What to produce.
Set down the lines below, exactly, starting at the one that contains "库拉索与德国球员赛后中圈祈祷恩梅查表示赛后我们都是兄弟" and stopping at the last line, inclusive. Omit pictures.
★ ★ ★ ★
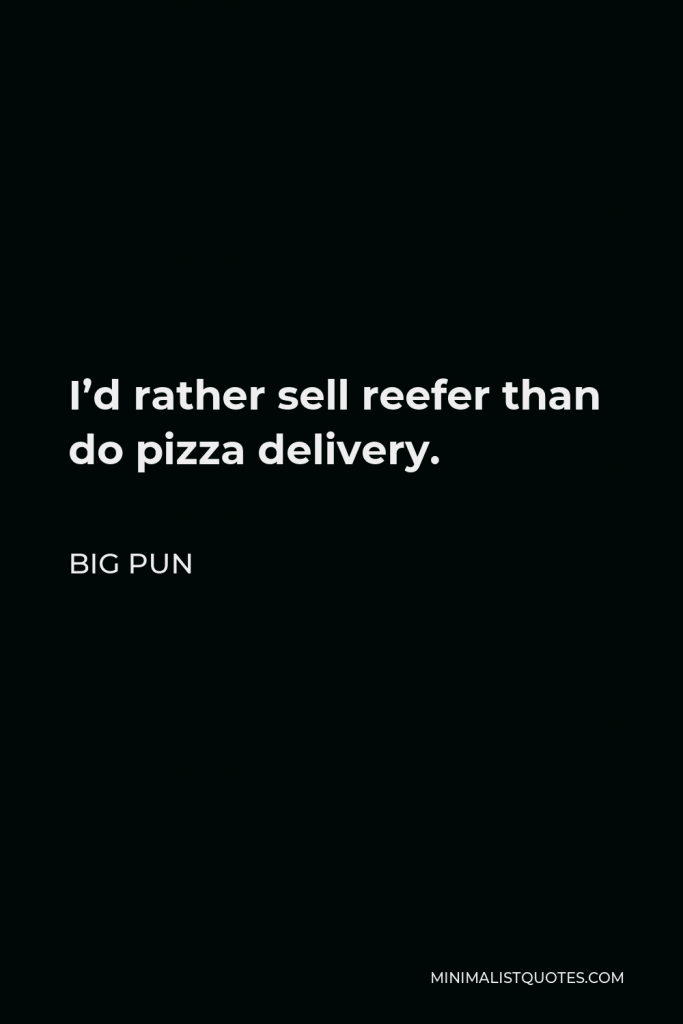 Big Pun Quote - I’d rather sell reefer than do pizza delivery.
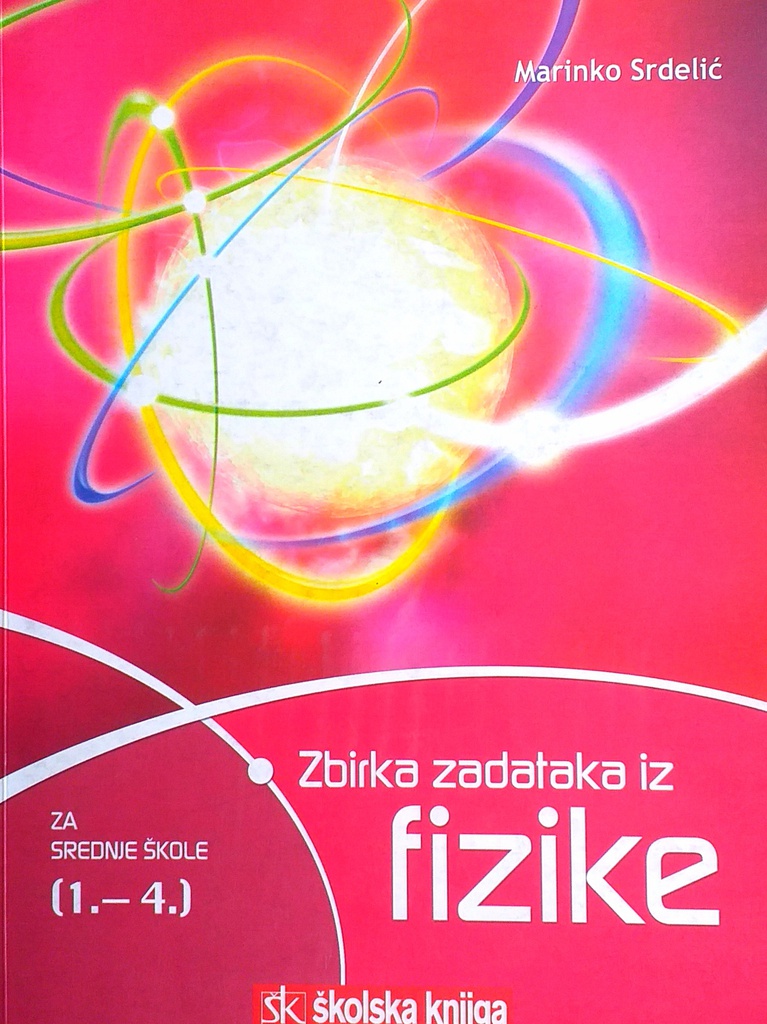 ZBIRKA ZADATAKA IZ FIZIKE ZA SREDNJE ŠKOLE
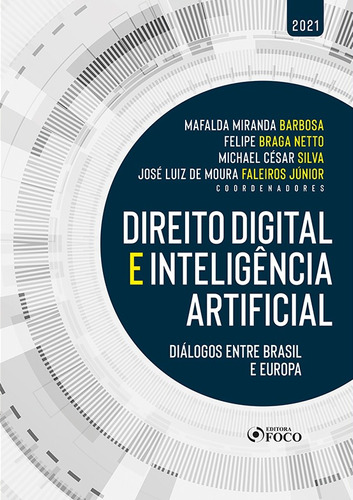 DIREITO DIGITAL E INTELIGÊNCIA ARTIFICIAL - 1ª ED - 2021, de Cordeiro, A. Barreto Menezes. Editora Foco Jurídico Ltda, capa mole em português, 2021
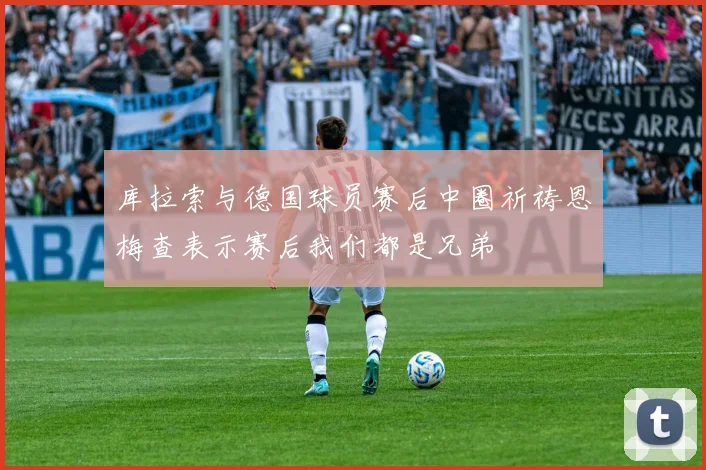 库拉索与德国球员赛后中圈祈祷恩梅查表示赛后我们都是兄弟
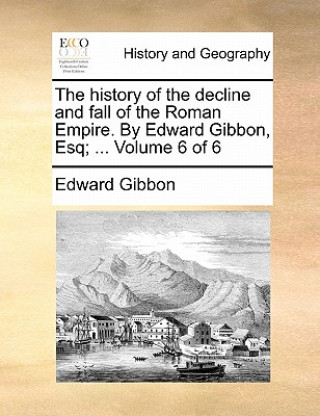 Könyv History of the Decline and Fall of the Roman Empire. by Edward Gibbon, Esq; ... Volume 6 of 6 Edward Gibbon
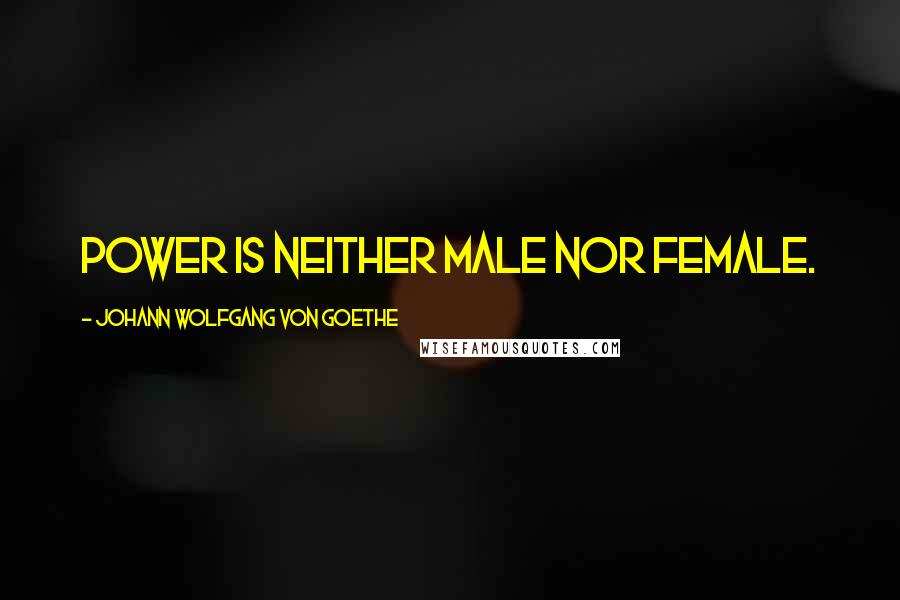 Johann Wolfgang Von Goethe Quotes: Power is neither male nor female.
★ ★ ★ ★
Result of the task.
 库拉索与德国球员赛后中圈祈祷恩梅查表示赛后我们都是兄弟
 Könyv History of the Decline and Fall of the Roman Empire. by Edward Gibbon, Esq; ... Volume 6 of 6 Edward Gibbon
 Johann Wolfgang Von Goethe Quotes: Power is neither male nor female.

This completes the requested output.